§ **What this task involves**: Beginning at the line with "1HGCM72744A001609 2004 Honda Accord Ex", please repeat each line exactly through the end of the records below, including that first line and the last, but no pictures.

(Exercise inputs)

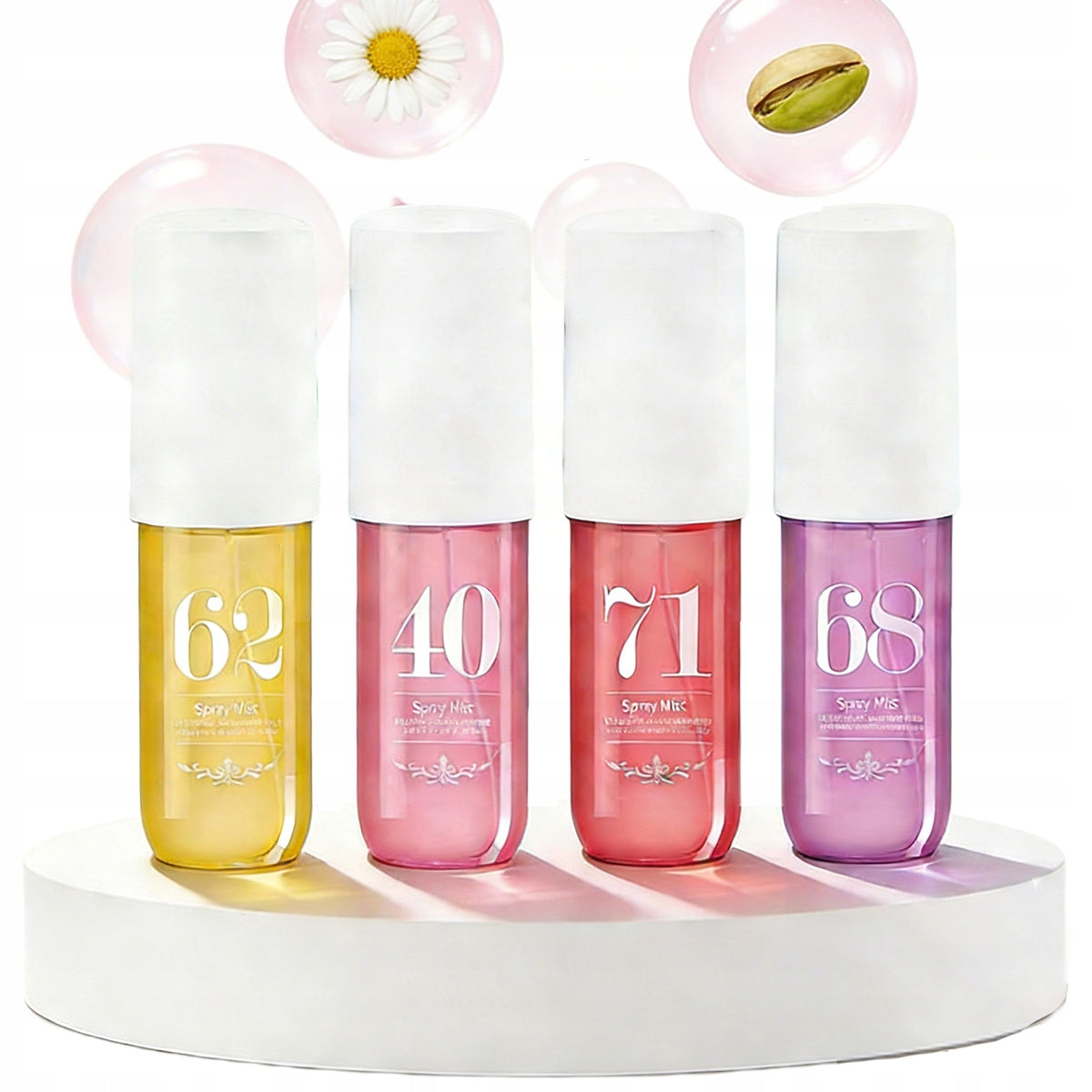 Natural scented MIST SET 62 40 71 68 MIST 4 x 90ml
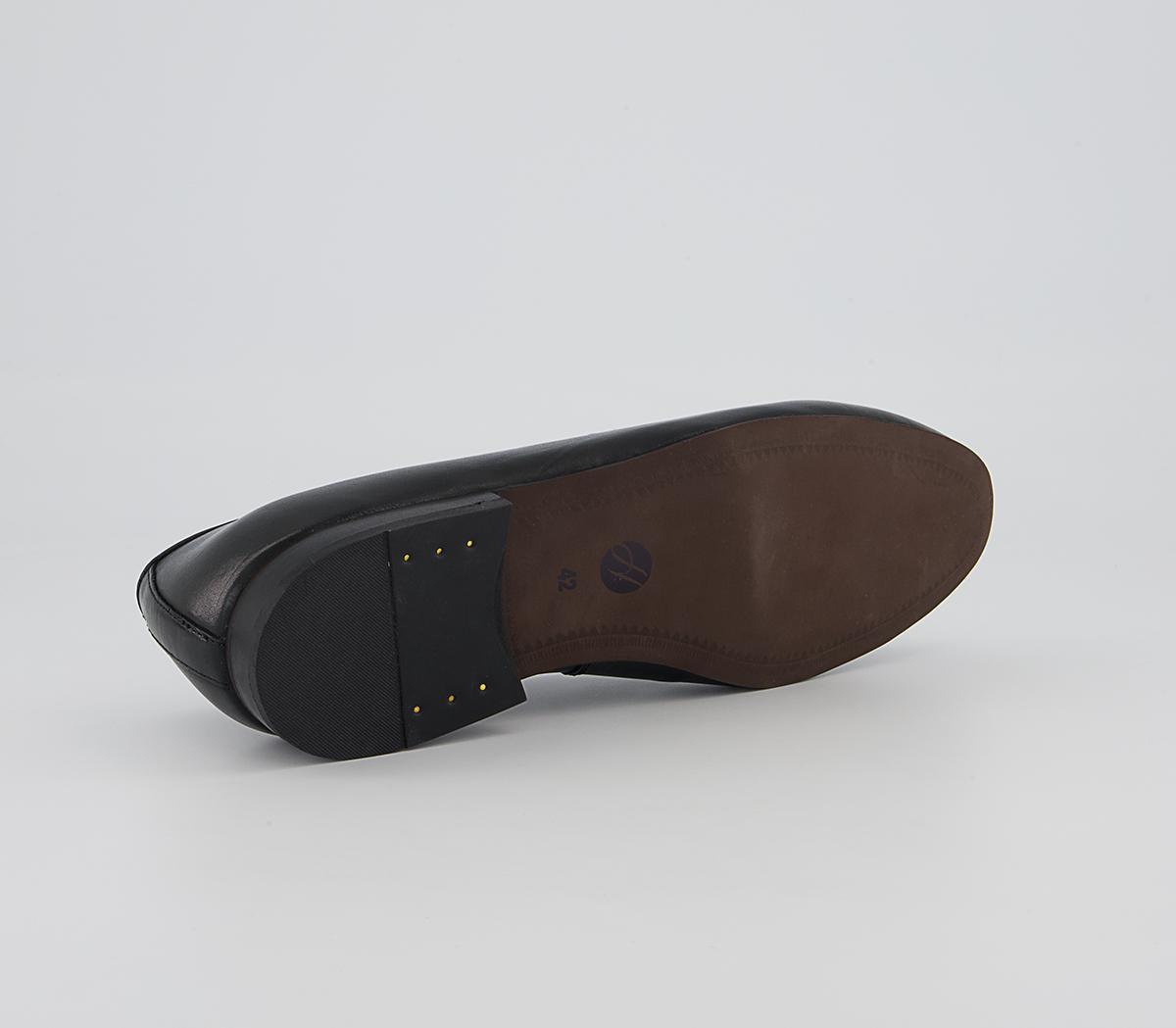 Hudson London Bolton Tassel Loafers Hudson London Bolton Tassel Loafers Black Leather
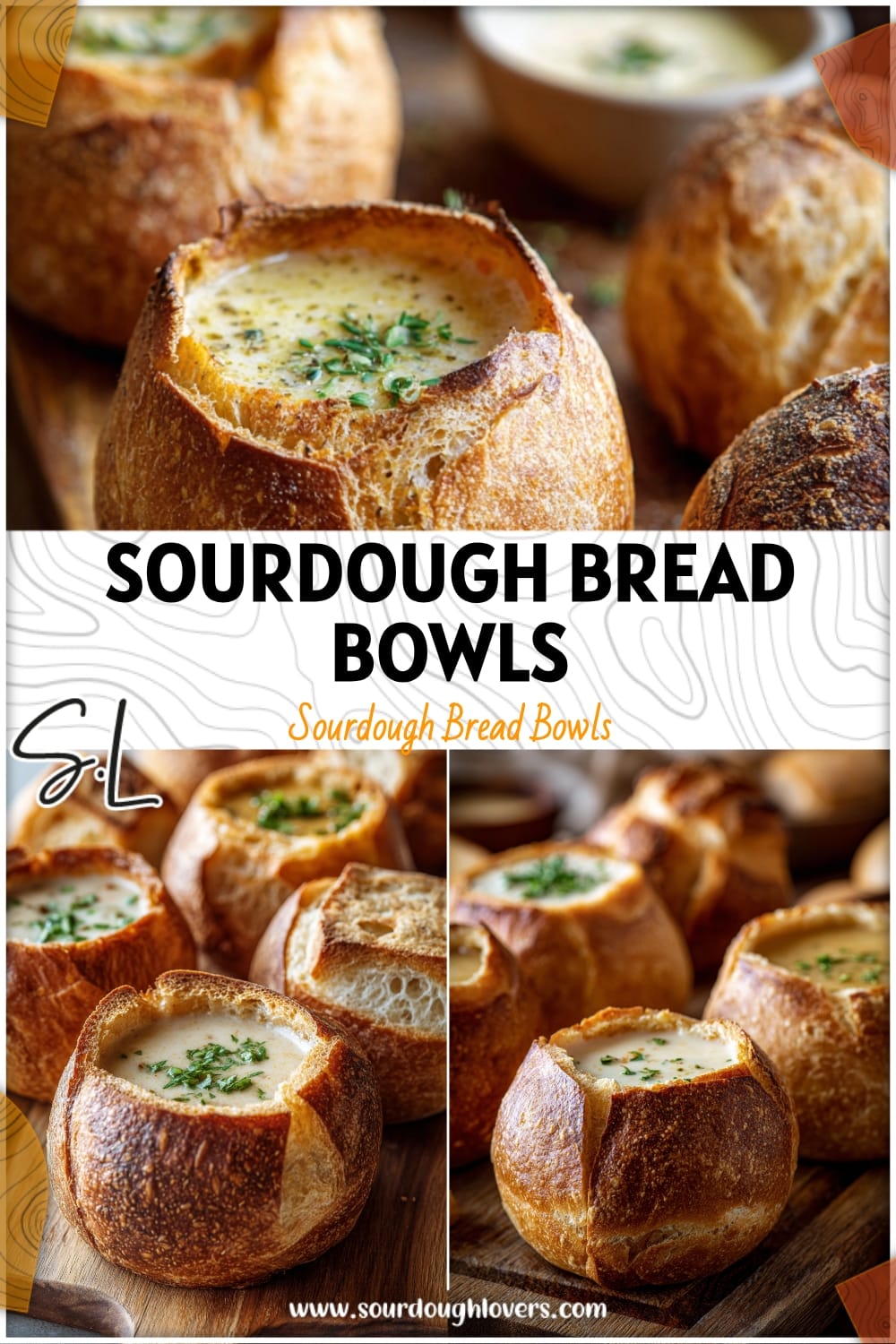 Sourdough Bread Bowls For Soup (Easy Recipe) 14 Sourdough Bread Bowls For Soup (Easy Recipe)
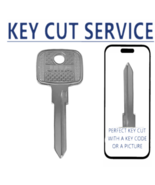 KEY CUT + MB18 / HU23 / HU34 / M79S / Mercedes Benz / Mechanical Key  (JMA) - $20.99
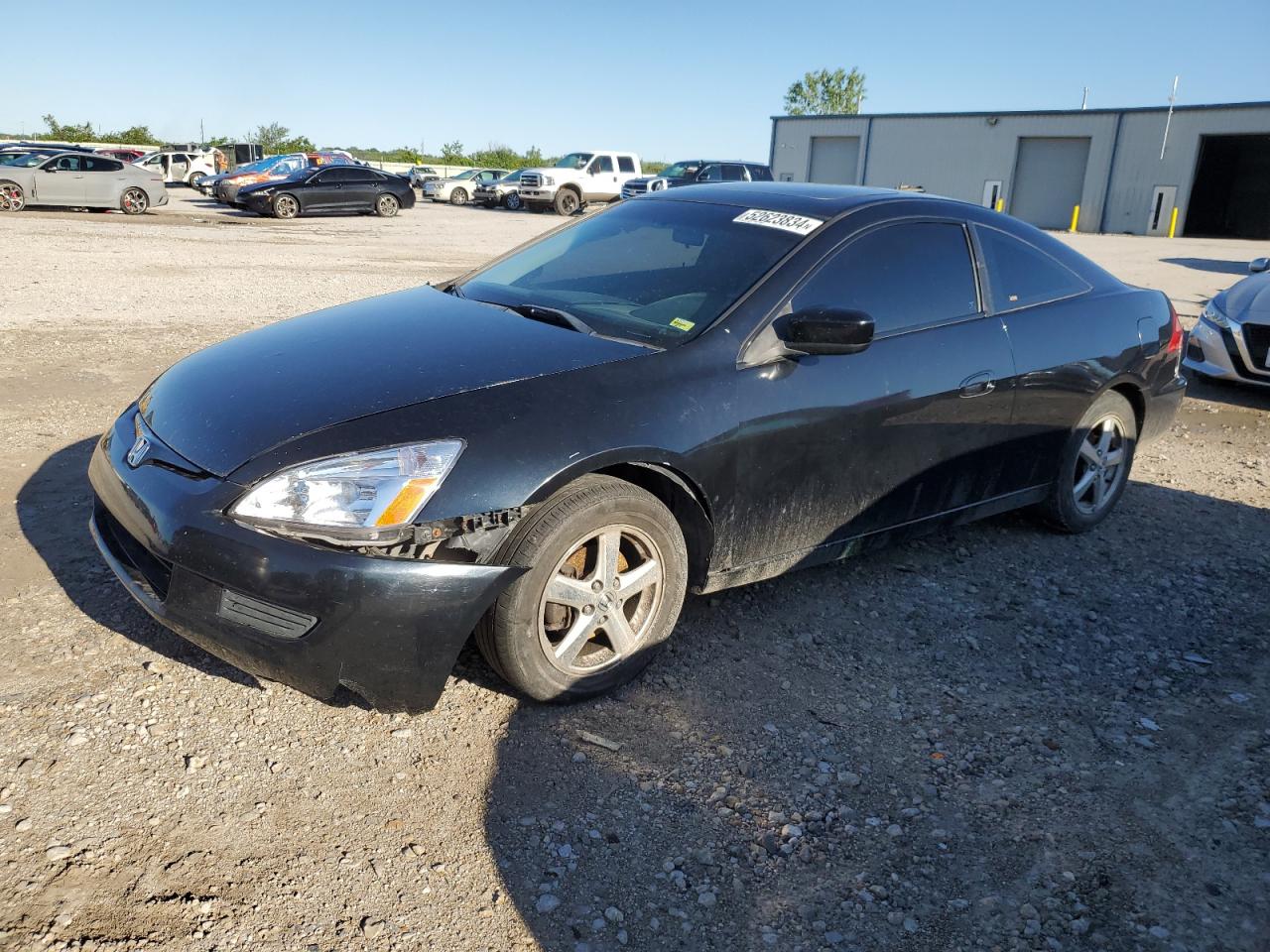 1HGCM72744A001609 2004 Honda Accord Ex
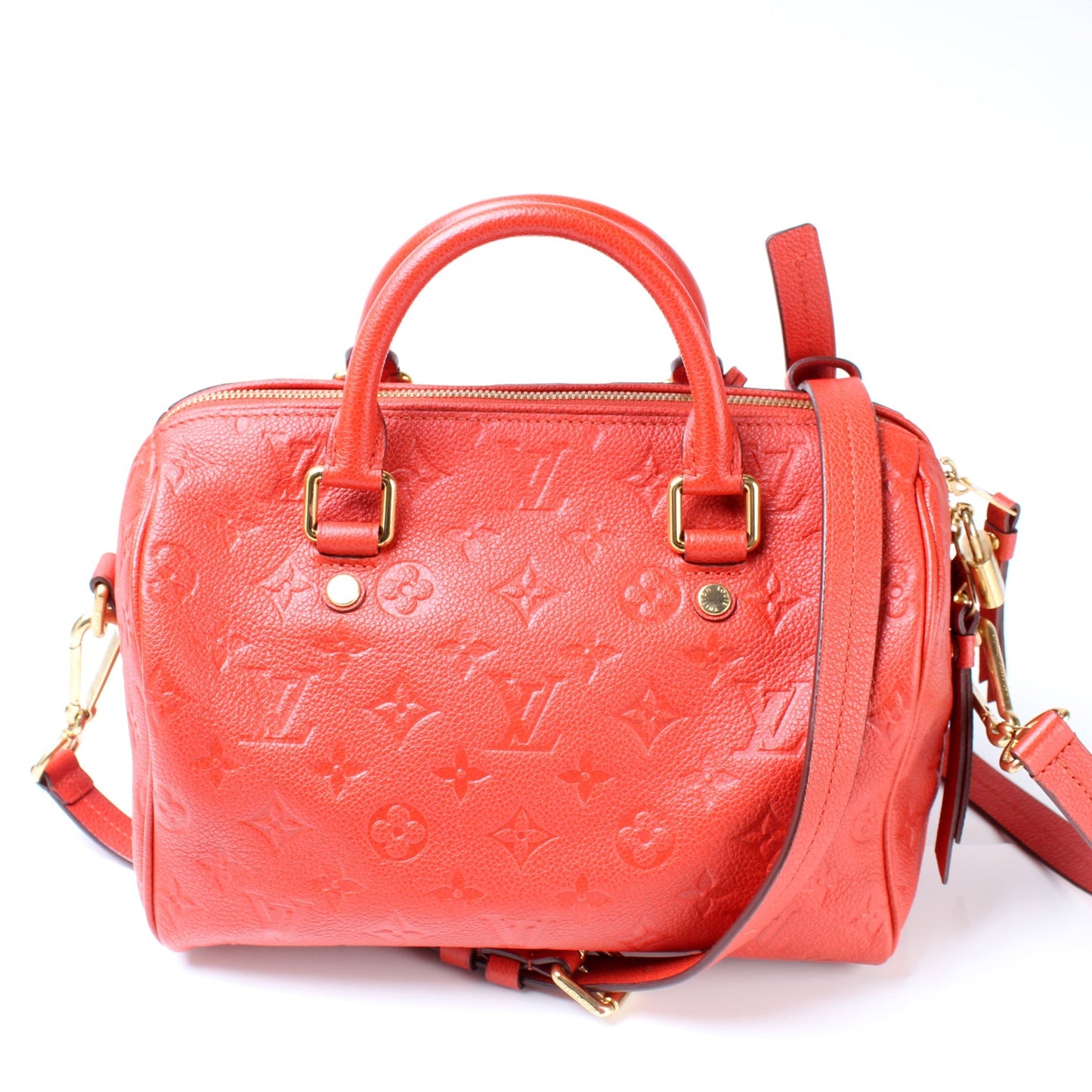 Louis Vuitton Speedy 25 Bandouliere Empreinte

(End Exercise inputs)

§ **Output**:
 1HGCM72744A001609 2004 Honda Accord Ex
 Louis Vuitton Speedy 25 Bandouliere Empreinte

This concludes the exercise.